Ortadoğu’daki son dönemde yaşanan gelişmelerin ardından bölgede gerilim tırmandı. Peki bölgede yaşananların ardından altın piyasası nasıl etkilenecek?
Çerkezköy’de faaliyet gösteren İstanbul Kuyumculuk Yönetim Kurulu üyesi Burak Sezer, olası bir savaş döneminde altının nasıl etkileneceğinden bahsederken, ABD Merkez Bankası (FED) tarafından Eylül ayındaki toplantıda faiz indiriminin altın üzerindeki etkisine de değindi.
“SAVAŞ HALİNDE YÜZYILLARDIR HEP ALTIN ÖN PLANDA OLMUŞTUR”
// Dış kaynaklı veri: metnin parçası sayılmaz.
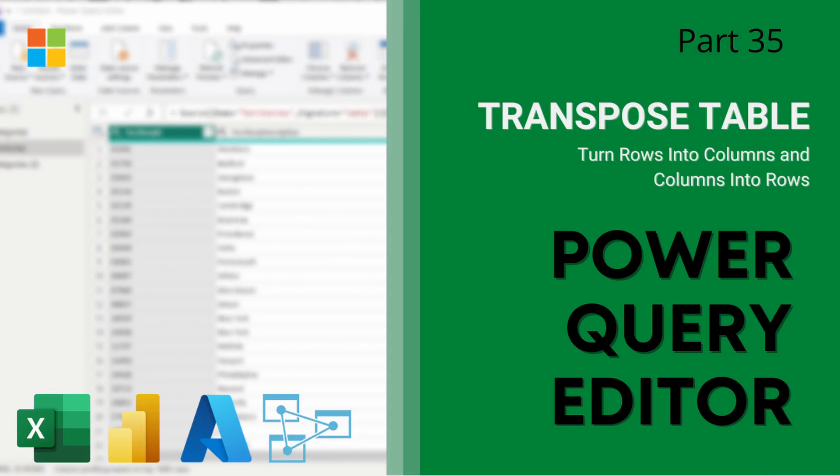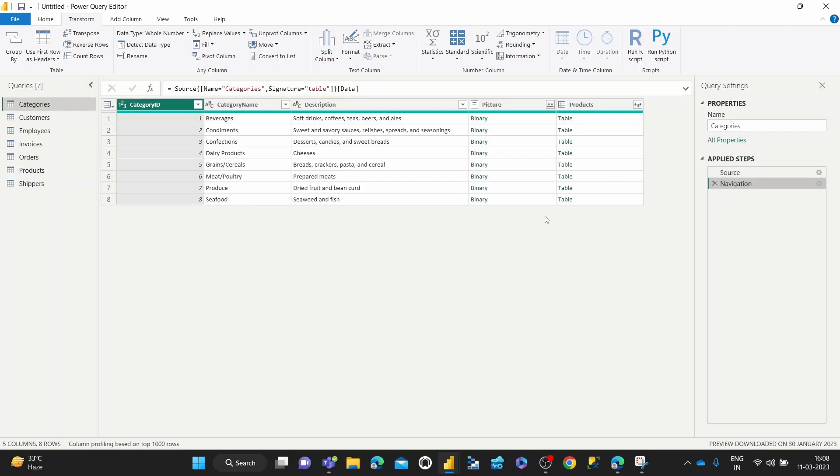Hey guys, welcome back to Data with Dominic. In this video I'm going to show you how to transpose a table using the Power Query Editor. So let's dive into the demo. Transposing a table means to convert its rows into columns and its columns into rows.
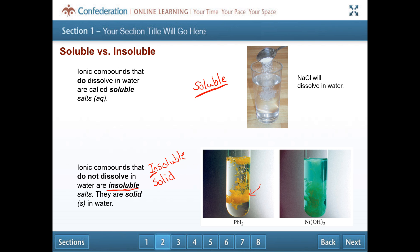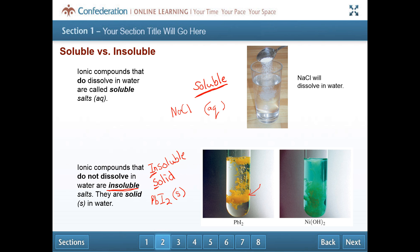In a chemical equation, a soluble salt is written with 'aq' behind it — for example, NaCl(aq). An insoluble salt, like lead iodide, would have 's' behind it for solid. Note that 's' means solid, not soluble, and 'aq' means soluble. These symbols are sometimes confusing, so make sure you have that clear in your head when writing chemical equations.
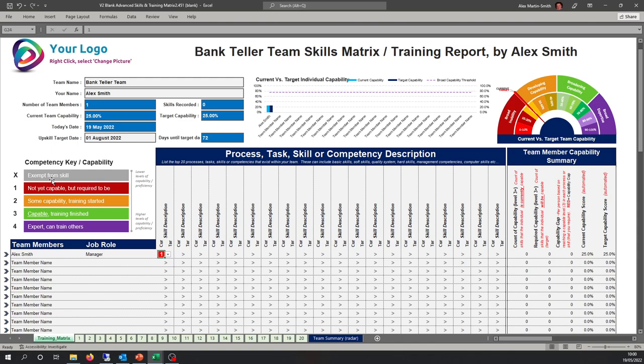Level three is your sweet spot — an individual is capable and you can leave them to get on with the job. Level four is where someone is an expert and may even be able to train others. A common trap is that team leaders or one or two coaches do all the training, which limits how many training sessions can happen at once. If you identify experts at various skills, you can conduct parallel training sessions and more rapidly upskill the team.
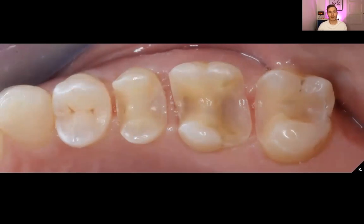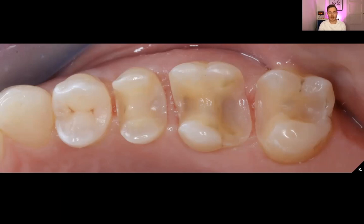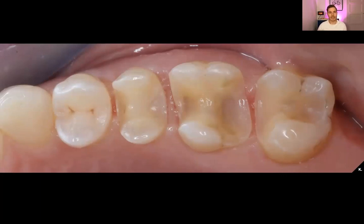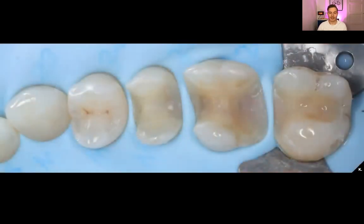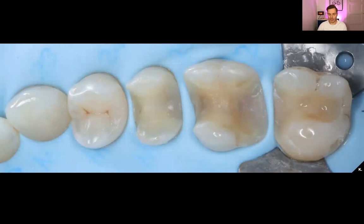The patient comes back after around three to four weeks and this is what the situation looks like after removing the temporary restorations. You can see that the gum looks quite healthy, all the margins are above the gums, and it makes my life easier when I want to cement the indirect restorations. Now I isolate the teeth again — this is what it looks like.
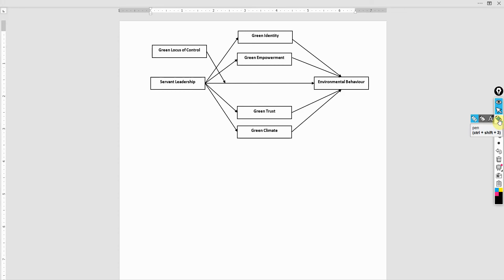In the last session we looked at the concept of hypothesis. Now in this session I'm going to propose hypotheses for this particular model that we proposed earlier.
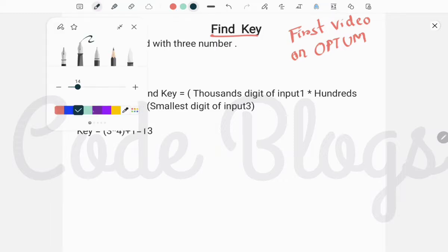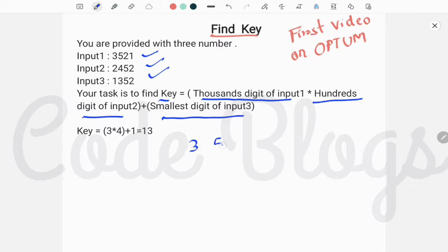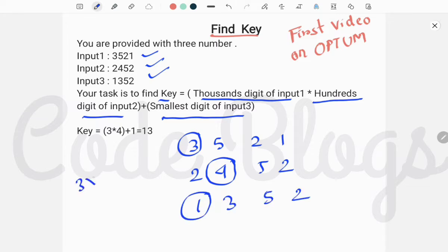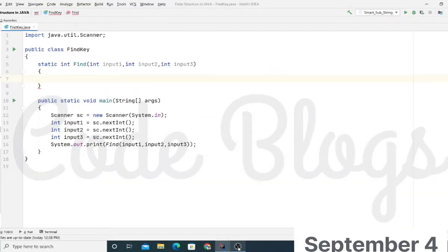You are given three numbers: input one, input two, and input three. Your task is to find the key. The key is the thousands digit of input one, multiplied by the hundreds digit of input two, and then the result is added with the smallest digit of input three. For example, the first number is 3521, so the thousands digit is 3. Input two is 2452, so the hundreds digit is 4. Input three is 1352, and the smallest digit is 1. So 3 times 4 equals 12, plus 1 equals 13 — that is the answer.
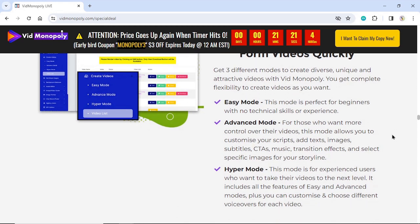Easy Mode: This mode is perfect for beginners with no technical skills or experience. Advanced Mode: For those who want more control over their videos, this mode allows you to customize your scripts, add texts, images, subtitles, CTAs, music, transition effects, and select specific images for your storyline. Hyper Mode: This mode is for experienced users who want to take their videos to the next level. It includes all the features of easy and advanced modes, plus you can customize and choose different voiceovers for each video.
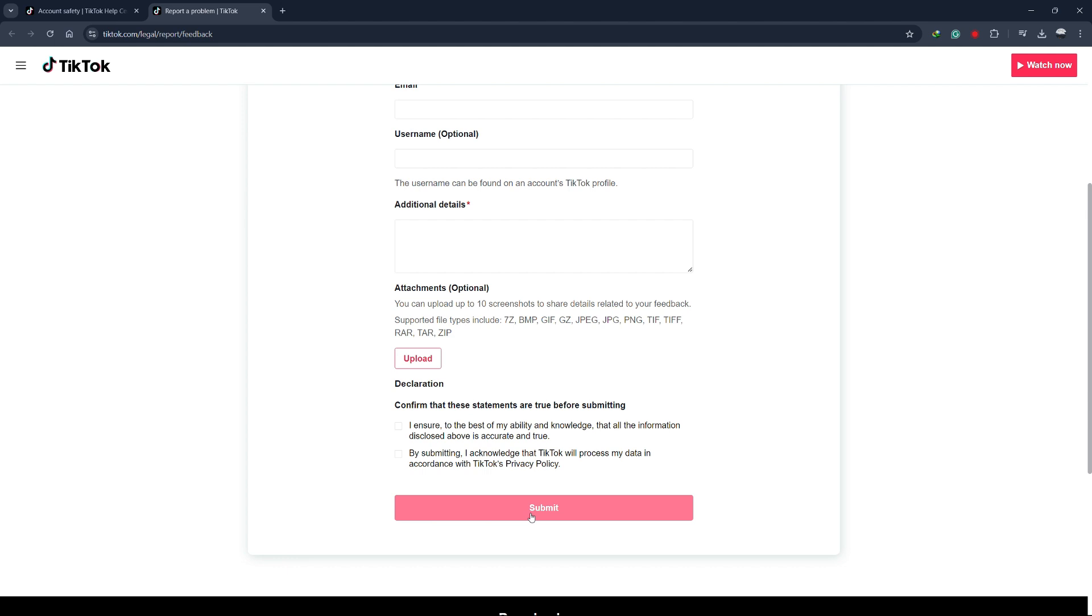And that's it. That's how you can try to recover your deactivated or banned TikTok shop account. Thanks for watching this tutorial. If you found this video helpful, please like and subscribe to our channel for more tech tips and tutorials.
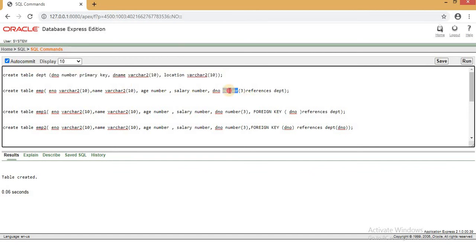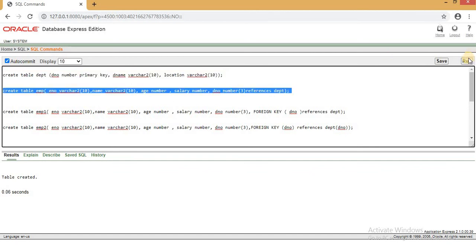We can see the subsyntax here. We can link to this. This is the same thing — this is the reference to DEPT.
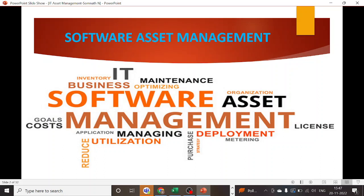If you are a passionate software asset management consultant, keep digging to find the answers to all of these questions. Once you understand how to manage, track, identify, maintain, deploy, control, and govern your software infrastructure, that is going to be your first step towards maturing your SAM infrastructure. SAM is basically about maintaining, governing, optimizing, managing, deploying, and utilizing whatever you have purchased.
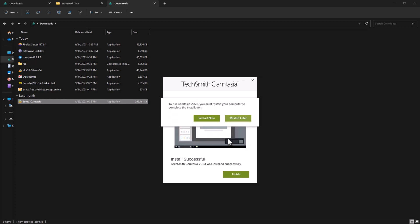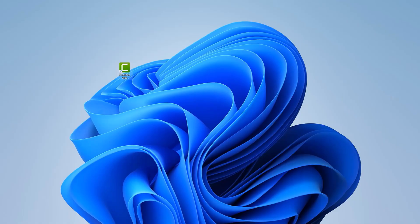This is asking me to restart the computer. I am going to restart. This is my desktop icon.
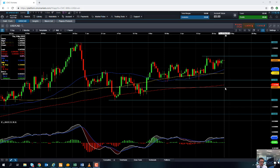The Bank of Canada maintained interest rates at their current level and has actually downgraded their growth forecasts. They now predict that the Canadian economy isn't going to grow as much in the first half as previously expected. So there is this divergence between the two economies, and that's why we're seeing the US dollar continue to push higher versus the Canadian dollar.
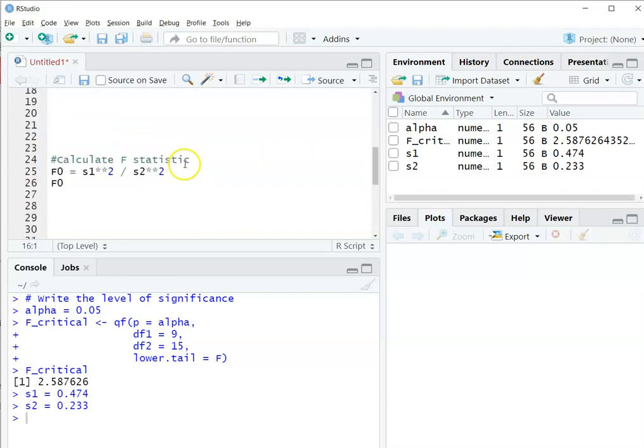Then I can calculate the F-statistic. Remember, the F-statistic we abbreviate F sub-zero, and we take the variance of the first sample and the variance of the second sample, and we square them both, and then we divide. So we get that ratio.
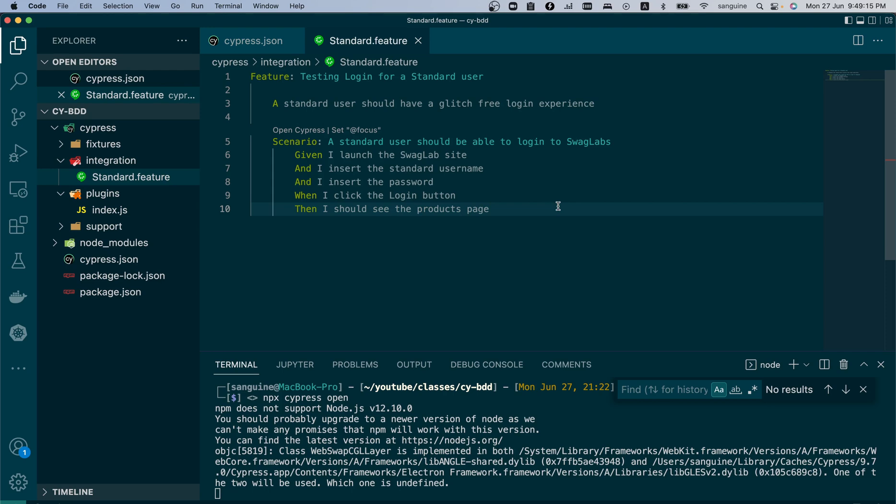So this is what our test will be. We'll stop here and in the next video we will look into defining our steps, because right now our code would not run because there is no step definition for it. We will try to run the code first in the next video before we write the step definitions. Thank you for watching once again. Please do not forget to press the like button and subscribe to my channel if you find this helpful.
Savaş zamanlarında yüzyıllardır hep altının ön planda olduğunu belirten Sezer, olası bir savaşta altın fiyatlarının yüzde yüz artacağına dikkat çekti.
Sezer şu ifadeleri kullandı:
“Savaş zamanlarında her zaman kağıttan ziyade yüzyıllardır hep altın ön planda olmuştur. Çünkü hiçbir şekilde yüzyıllardır değer kaybı yaşanmamış. Baktığınızda Osmanlı’dan buraya gelen bir şey. Altın her zaman kuvvetlidir, hiçbir zaman değer kaybetmez. Yıllardır da üstüne koyarak gider.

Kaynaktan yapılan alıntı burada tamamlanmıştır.